Mordecai Richler Solomon gursky È stato qui
Adelphi
di Francesco Ongaro
Passato e presente si intrecciano, si sovrappongono, divengono una pasta molle che lievita pagina dopo pagina, attraverso un intrico di nessi che si ingarbugliano in una rete di segni dai molteplici significati. A tenere insieme il filo della narrazione ci pensa l’indole critica e ammirata di Moses Berger, scrittore brillante ma rovinato dall’alcol, ossessionato dalla vicenda di Solomon, incapace di portarne a termine la biografia nonostante il materiale raccolto in una vita di lavoro.
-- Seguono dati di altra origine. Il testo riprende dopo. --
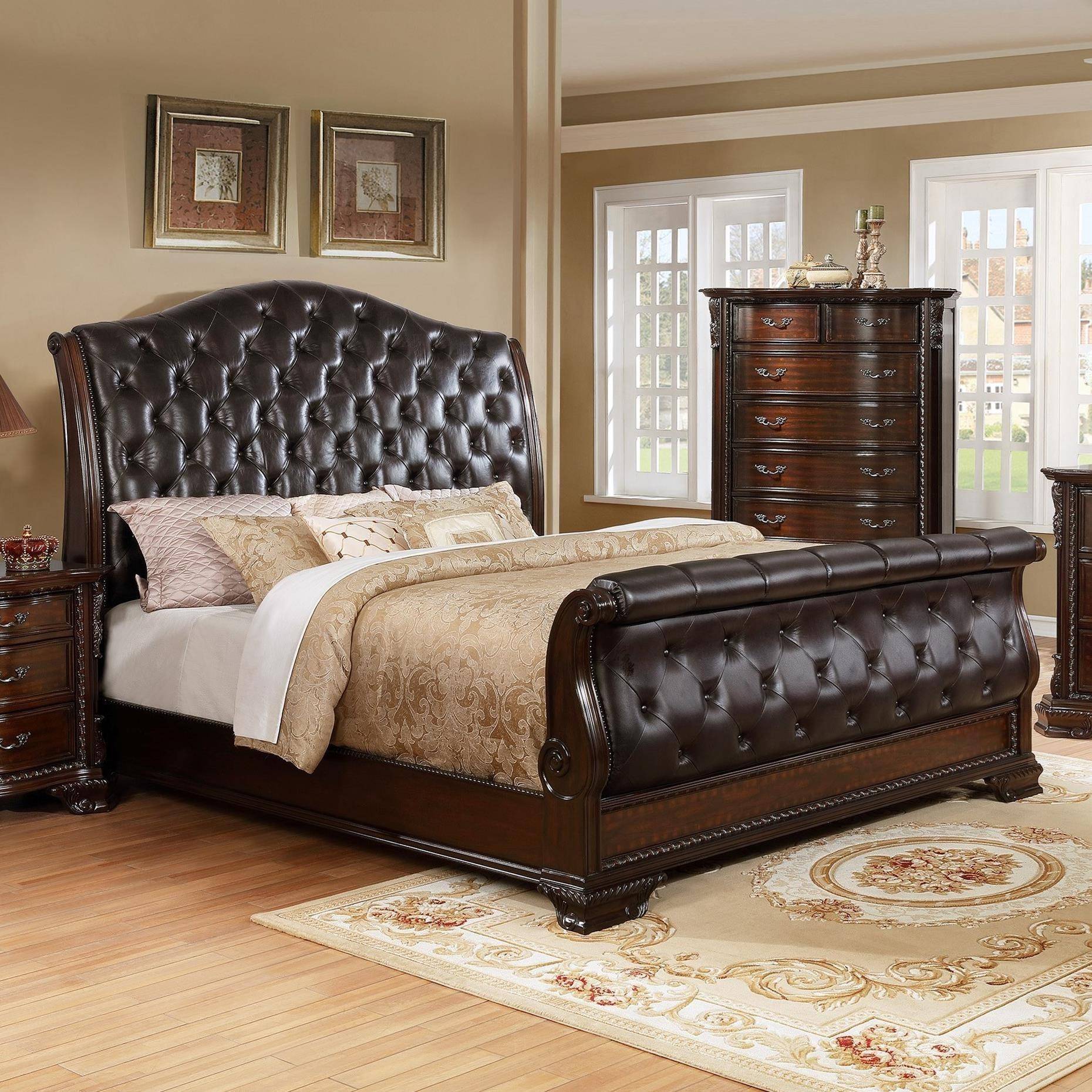 Buy Crown Mark B1100-88 Sheffield Queen Sleigh Bedroom Set in Camel, Faux Leather online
L’inizio del romanzo è scoppiettante, coinvolgente – Solomon è carismatico come il nonno Ephraim - ma l’eccessivo numero di personaggi, nessuno dei quali trascurato dall’autore, appesantisce poco a poco la lettura. Procedendo nella narrazione ci sono delle cadute di ritmo, dei passaggi a vuoto, e anche il finale non è all’altezza. O forse Mordecai Richler, con La versione di Barney, ci aveva abituati a ben altro. Fatto sta che, al termine del libro, si rimane con l’amara sensazione di avere avuto tra le mani un grande romanzo riuscito solo a metà.
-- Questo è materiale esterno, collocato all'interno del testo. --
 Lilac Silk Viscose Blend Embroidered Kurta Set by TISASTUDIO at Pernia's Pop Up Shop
Lo stile di Mordecai Richler è comunque inconfondibile. Un’equilibrata miscela di erudizione e di sarcasmo, che gli permette di passare agevolmente dalla filosofia al commento delle partite del campionato di hockey. Ciò che emerge nitidamente nel romanzo è l’epica delle esplorazioni artiche e lo spirito dei pionieri che si sono stanziati in Canada nel XVIII e XIX secolo, costruendo una nazione dove c’erano solo tundra e ghiacci, ma distruggendo le popolazioni autoctone. Lo spirito caustico di Mordecai Richler aderisce alla vita di questi pionieri con un’efficacia notevole, come nel dialogo tra Bernard sul letto di morte e sua moglie. "Bernie, Bernie. Credi in Dio?". "Come puoi dire stronzate simili in un momento come questo?". "Non sono stronzate, tesoro". "Non sono stronzate, dice lei. Ma non capisci. Non capisci proprio niente? Se Dio esiste io sono fottuto".
Consigliabile a chi ha letto e apprezzato La versione di Barney. Chi non avesse giudicato positivamente il romanzo precedente, difficilmente apprezzerà le vicissitudini dei Gursky.